Graph : These things are insane but they're pretty fun. Data is stored as a 'web' of nodes all linked together by predicates. So you can have a 'web' of people as the subject nodes while your predicates are their relationships to each other. Then using SPARQL to ask questions like 'Give me all people who were friends with Elvis Presley's Mother in Law who also were two or less jumps away from Buddy Holly' or something like that. Primary player here is Neo4j

Additional Reading: Check out NoSQL For Dummies. You can also find digital versions of this for free if you Google around a bit.

PIZZA.BAT fucked around with this message at 11:06 on Aug 27, 2019

# ? Dec 3, 2018 05:01

Adbot: ADBOT LOVES YOU

# ? Apr 28, 2024 21:20

rarbatrol: Apr 17, 2011; Hurt//maim//kill.

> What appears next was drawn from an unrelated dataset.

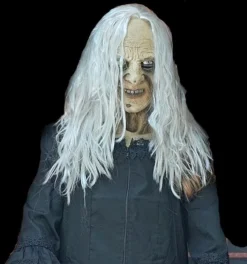 The Horror Dome Costumes "Witchy Woman" HD Studios Costume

Part of my job a couple years ago involved evaluating a bunch of NoSQL technologies for integration with our current stack, for the better part of a year. One of the candidates on my personal short list was FoundationDB. It's a high-performance key-value store with ACID transactions, and a plugin system they call "layers" that allow you to map more complex models down to the KV store. Frustratingly enough, the company was bought by Apple halfway through our project and taken off the market. Well apparently they've open-sourced it earlier this year: https://github.com/apple/foundationdb, and have just released a document store layer in the last few days.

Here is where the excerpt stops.